** Data for this task follows **
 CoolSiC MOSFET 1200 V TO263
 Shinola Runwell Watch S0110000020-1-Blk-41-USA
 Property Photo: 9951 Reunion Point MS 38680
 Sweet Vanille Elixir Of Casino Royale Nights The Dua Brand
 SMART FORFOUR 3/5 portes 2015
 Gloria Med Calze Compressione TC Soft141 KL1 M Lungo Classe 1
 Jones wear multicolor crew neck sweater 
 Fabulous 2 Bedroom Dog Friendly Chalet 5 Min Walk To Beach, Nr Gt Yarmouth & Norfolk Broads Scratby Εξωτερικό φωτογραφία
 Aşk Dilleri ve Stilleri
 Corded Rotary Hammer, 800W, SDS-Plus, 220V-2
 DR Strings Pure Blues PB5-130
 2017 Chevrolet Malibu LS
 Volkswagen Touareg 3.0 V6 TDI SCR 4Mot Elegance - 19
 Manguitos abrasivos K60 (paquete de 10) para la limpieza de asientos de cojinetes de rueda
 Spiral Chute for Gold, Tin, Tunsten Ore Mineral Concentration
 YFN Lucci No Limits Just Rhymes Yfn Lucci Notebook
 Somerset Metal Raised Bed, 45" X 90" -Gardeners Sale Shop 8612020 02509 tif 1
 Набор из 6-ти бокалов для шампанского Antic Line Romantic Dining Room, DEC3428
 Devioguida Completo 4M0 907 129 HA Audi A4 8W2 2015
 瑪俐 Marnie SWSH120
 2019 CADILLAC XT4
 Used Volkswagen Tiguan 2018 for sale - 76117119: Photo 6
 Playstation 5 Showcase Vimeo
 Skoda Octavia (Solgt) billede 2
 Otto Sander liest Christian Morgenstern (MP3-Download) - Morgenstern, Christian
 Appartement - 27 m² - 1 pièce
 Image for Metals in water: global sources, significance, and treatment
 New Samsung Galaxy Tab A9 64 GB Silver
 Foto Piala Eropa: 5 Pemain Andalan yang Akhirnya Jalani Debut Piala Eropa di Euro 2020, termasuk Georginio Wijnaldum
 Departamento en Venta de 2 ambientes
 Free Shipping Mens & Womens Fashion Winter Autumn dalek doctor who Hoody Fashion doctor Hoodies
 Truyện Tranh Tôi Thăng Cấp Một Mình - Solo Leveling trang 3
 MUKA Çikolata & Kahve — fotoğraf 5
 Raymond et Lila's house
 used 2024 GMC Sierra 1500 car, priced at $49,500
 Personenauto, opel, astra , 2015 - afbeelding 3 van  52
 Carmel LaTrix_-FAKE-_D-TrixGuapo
** End of Data for this task **
> Aim of the task: Starting at the line that contains "used 2024 GMC", write out every line to the end of the entries, exactly as given.

> Answer section:
 used 2024 GMC Sierra 1500 car, priced at $49,500
 Personenauto, opel, astra , 2015 - afbeelding 3 van  52
 Carmel LaTrix_-FAKE-_D-TrixGuapo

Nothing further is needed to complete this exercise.